Rep. Joe Barton is being raked him over the coals by the Media-Congressional complex, his Republican colleagues included, for telling the truth: Big “O” muscled PB into handing over private property without due process—in contravention of “No person shall be … deprived of life, liberty, or property, without due process of law,” and all that stuff.
Not only is this unconstitutional; it is also immoral. It further entrenches the shakedown ethos, and the perception that private property works and breathes at the pleasure of the politicos. This is a slush fund, a piece of which everyone along the Gulf will be clamoring for, presumably without the hassles of proving they have been harmed by the spill.
None of what I’ve said will strike those of you who respect private property and due process, including the neglected, necessary, legal imperative of mens rea, as particularly original.
The real newsworthy point to take away from this is how uncommitted Republicans are to these bedrock principles.
This is a replay of the Jim Bunning brouhaha and what the Wall Street Journal called his finest hour. For attempting to abide by the quaint principle of pay-as-you-go—a position not even the crooked Chris Matthews could condemn in its entirety—Bunning was treated like a leper (or an Afrikaner farmer) by the entire spectrum of idiots.
UPDATE I (June 19): ET TU, BACHMANN? Where is this Michele Bachmann? “Neutered” is the right word, via The Right Scoop.
UPDATE II: O’REILLY & O’BAMA SITTING IN A TREE… Bill O’Reilly is consistent here. Never before has he deferred to the limits the constitutional scheme imposes on central power, and he does not now break with that commitment to an overweening central government. (Obama should cut O’Reilly some slack and give him that prestigious interview he craves. O’Reilly is his friend.)
But Bachmann backpedals and disappoints. O’Reilly declares he is okay with Obama bringing down on BP the full force of the federal government; MB, who rightly objected, now meekly agrees. Sort of. She ought to have stuck to her guns in noting the usurpation of power and the violation of due process of which she previously warned.
From “PATRICIDE AND PROSECUTORIAL MISCONDUCT”:
“Prosecutorial power to bring charges against a person is an awesome power, stress Paul Craig Roberts and Lawrence M. Stratton in The Tyranny of Good Intentions. Backing him, the prosecutor has the might of the state, and must never ‘override the rights of the defendant in order to gain a conviction.’
Prosecutorial duties are dual. While acting as the plaintiff, the prosecutor must also take pains to protect the defendant’s rights.”
O’Reilly is like a Benthamite bureaucrat; he’s no truth seeker.
Since the GOP went out of business, Mark Levin has begun to speak truth to power (and phony populism). VIA The Right Scoop:
UPDATE III (June 20): So you still think the “GOP, RIP” can be reformed?
CNN:
Rep. Jo Bonner called on fellow Republican Rep. Joe Barton to step down as ranking member of the House Committee on Energy and Commerce on Friday following the Texas Republican’s controversial statements to BP chairman Tony Hayward on Thursday.
“Earlier this morning, Rep. Barton called me to offer his personal apologies for any harm that his comments might have caused,” said Bonner, whose district covers much of Alabama’s coastline.

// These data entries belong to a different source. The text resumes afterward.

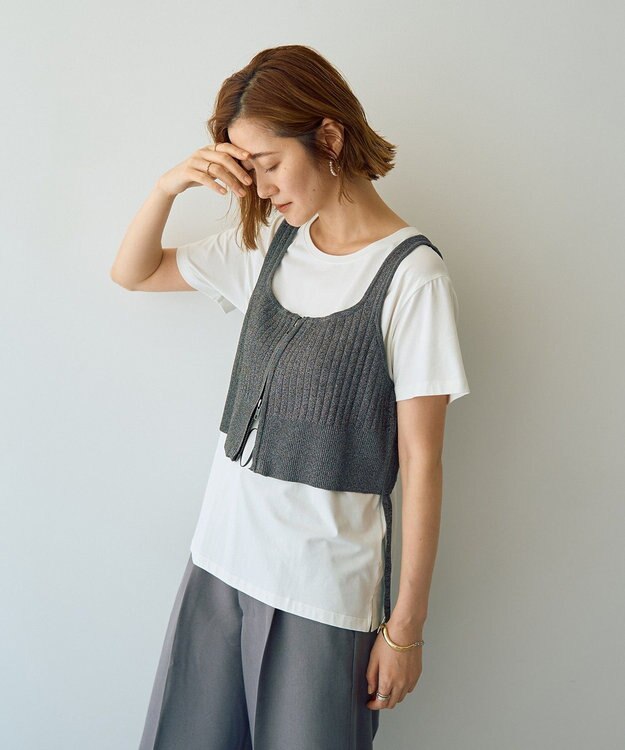 YECCA VECCA ZIPニットビスチェ Silver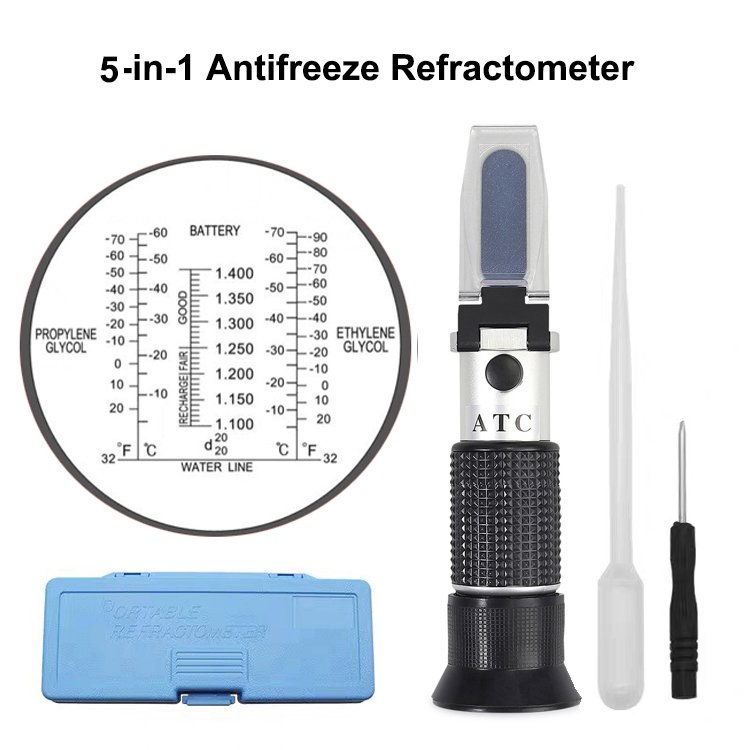 5-in-1 Antifreeze Refractometer in Centidegree Fahrenheit Antifreeze Coolant Tester Pure Aluminium Styles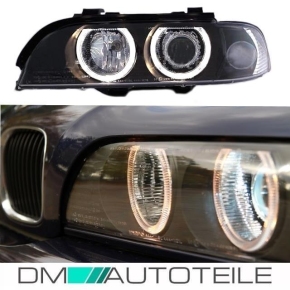 Set Angel headlights  Halogen H7/H7 black fits on BMW E39 up 95-00 Facelift look
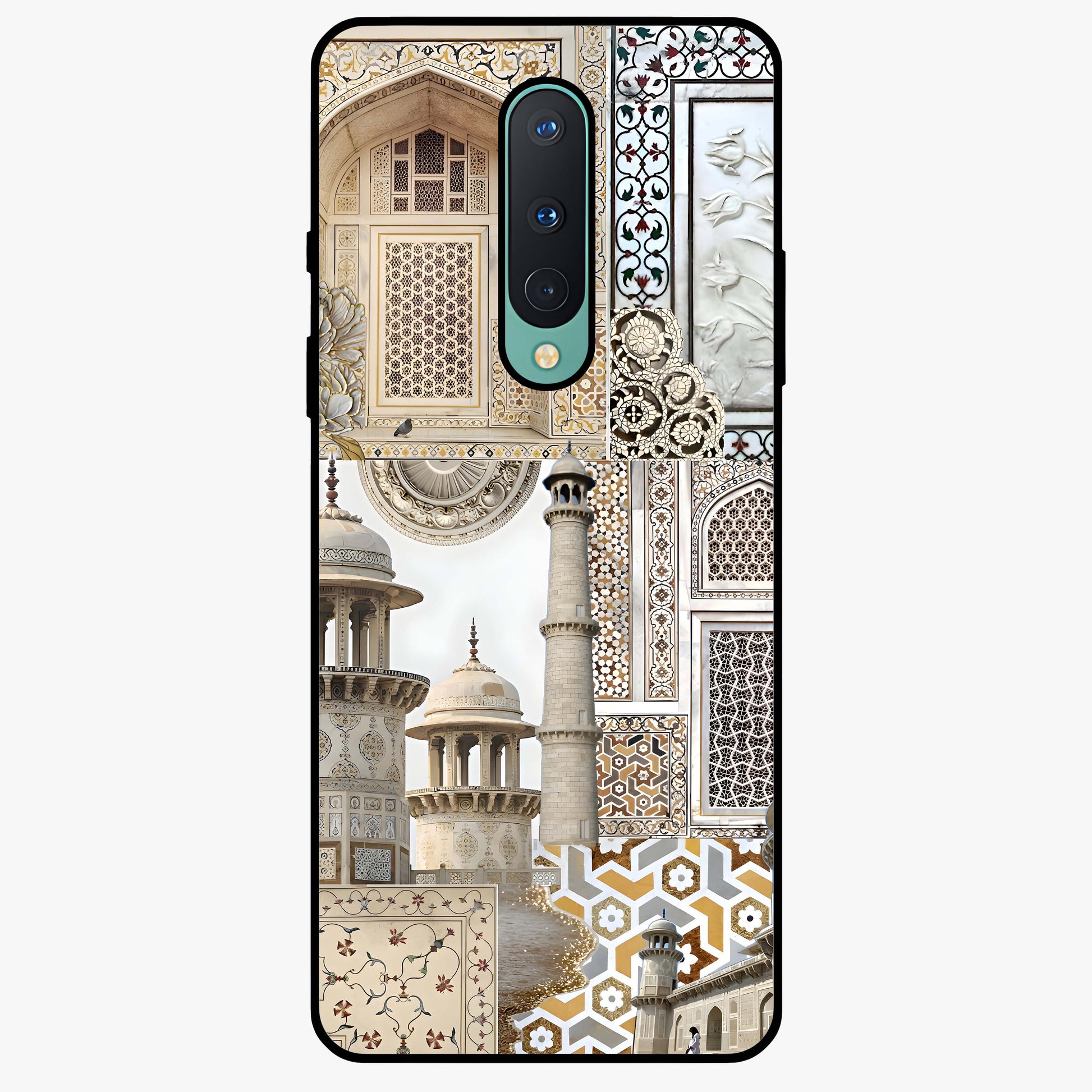 Mughal Marble Legacy Glass Case showing flat back view with intricate Mughal inspired marble pattern and glossy glass finish.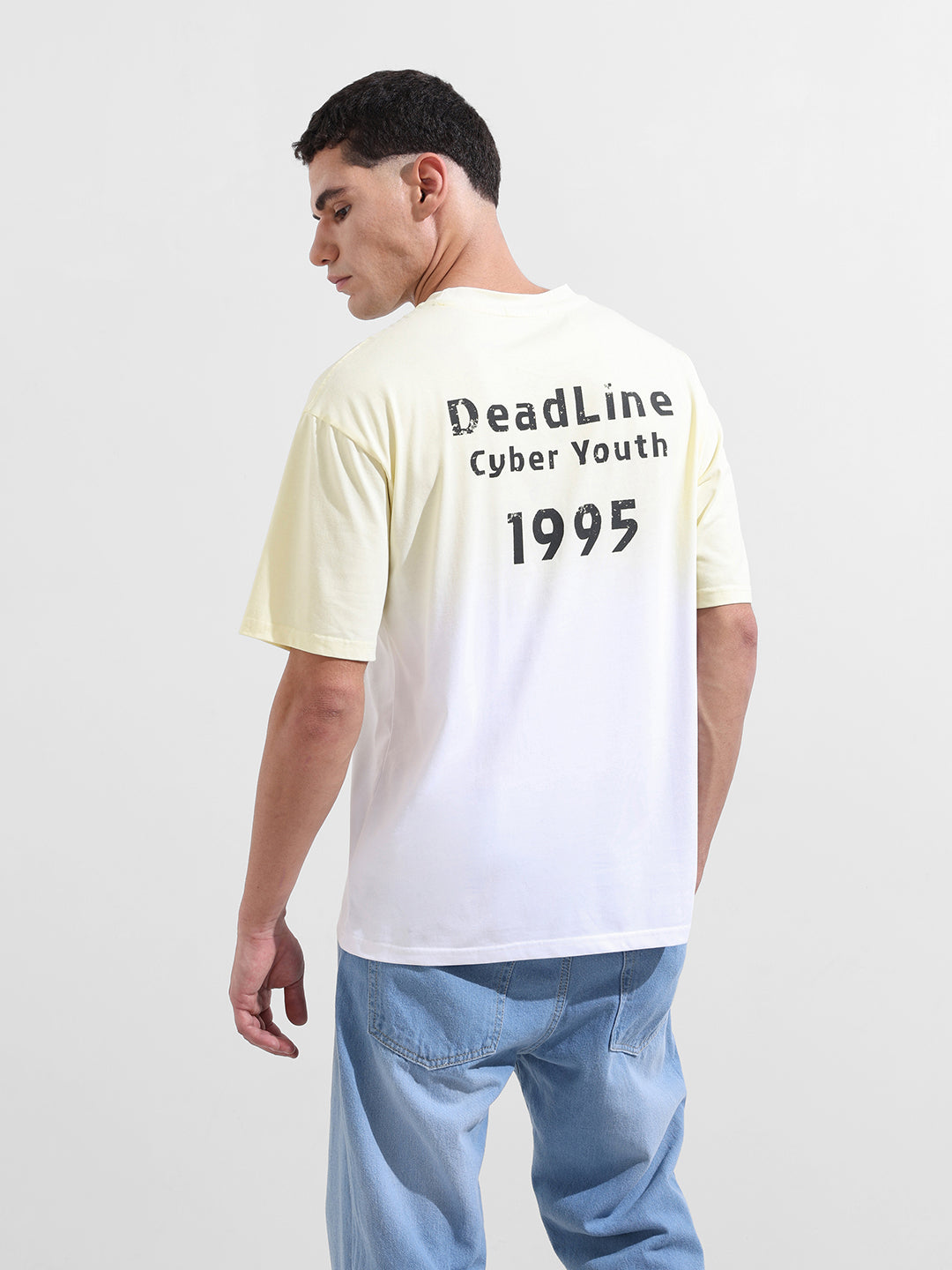 Men's Yellow Relaxed Fit Printed Street Wear T-Shirt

“It takes a big person to admit they were wrong and I appreciated Joe’s call,” Bonner continued. “However, as I told him, I believe the damage of his comments are beyond repair and, as such, I am today calling on Joe to do the right thing for our conference and immediately step aside as Ranking Member of the Energy and Commerce Committee.”
“Joe’s comments were stupid and extremely insensitive to the hundreds of thousands of people who live along the Gulf Coast,” Bonner added.